Demo dining room floors. Check.

I peel off my leather construction gloves, heart pounding in my chest. The white shirt I put on this morning is damp, riddled with grime. Sweat drips from my face, fogging up my protective eyewear after a morning of manual labor.

I welcome the work this morning. The adrenaline is a sweet release. My brain is on overtime thinking of Camille and our backseat foreplay. If I didn’t have something to do this morning, I would be in a blue-ball world of hurt.

It was after midnight when I dropped Camille off at her apartment. She didn’t ask me in, and I was okay with that. While we rounded second base, and her body was in it 100 percent, her mind held something back. It was written on her face. Frankly, it kept me at a distance, too. It didn’t escape me she’d been a flight risk last night. Had I not shown up when I did, she would have gone MIA.

If time is what Camille needs, she’ll get it. But damn the unknown. She told me she’d call me, contact me, and not the other way around.

With her as my last thought before I went to bed and the first image in my mind, I can’t help but wonder: What’s she doing today? Who’s she with?

Matt, next to me, pauses his own work and stands to his full height. His face is contorted in pain. He runs his fingers through his beard, and little flecks of dust cascade to the floor. “Please tell me we’re done. I’m supposed to be creating, not destroying.”

“I know, I know. It’s the artist in you.” I repeat the mantra my buddy has proclaimed ever since we were young. Matt might be a Spartan, but as a kid he’d forego the pranks we’d propose and insist on working on his drawings that would eventually become architectural designs. “But the artist in you sure did a shitload of damage. I’m kind of impressed.”

“Don’t let this beautiful face fool you, man. I am dying, inside and out.” Matt reaches for a bottled water behind him and throws one to me.

The water is heaven, and I gulp three-quarters of the bottle in one swig. “Thanks for coming over to help. This would have taken me two days.”

“You did me the favor. I needed an extra gig. Single-A doesn’t pay the bills. But we could’ve gotten all this done in half a day if Blake showed up, the fucker.” Matt shakes his head, laughing, though I notice the faint insincerity in it. Blake, Matt, and I were like three peas in a pod, but the last few years tunneled a distance between the other two and me.

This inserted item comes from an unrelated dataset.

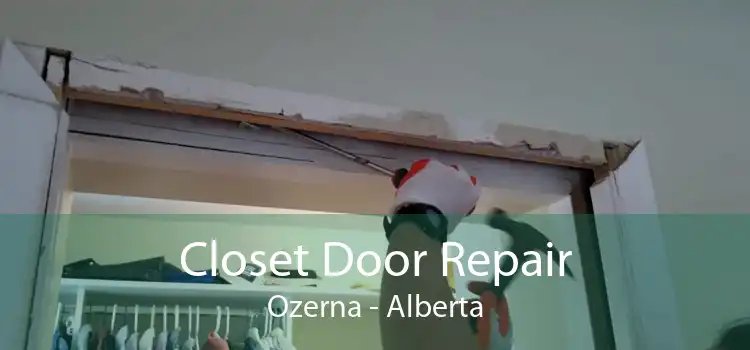 Closet Door Repair Ozerna - Alberta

“Too much partying last night?” I ask.

“More like most days. A fuckton.” Matt swallows, then takes a breath. “He acts like a fool when he’s wasted. Caused another scene.”

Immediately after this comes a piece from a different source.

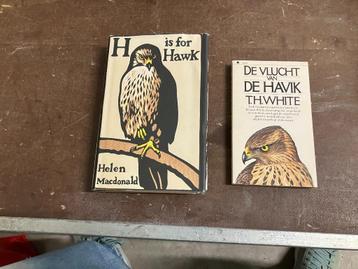 vogel roofvogel havik ornithologie valkenier beschikbaar voor biedingen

“Another? So there have been more?”

Matt nods. “Heard there was an incident a couple of days ago, with some food truck. I’m ashamed to even talk about it, you know?”

“Shit.”

Blake has always been toughest of the three of us—the first to take the hit if trouble came down, the first to back us up in any situation. But then I remember the other night: Blake in his beer goggle haze, teetering on being a menace. “He’s in trouble?”

“I . . . I think so.”

“Have you told anyone?”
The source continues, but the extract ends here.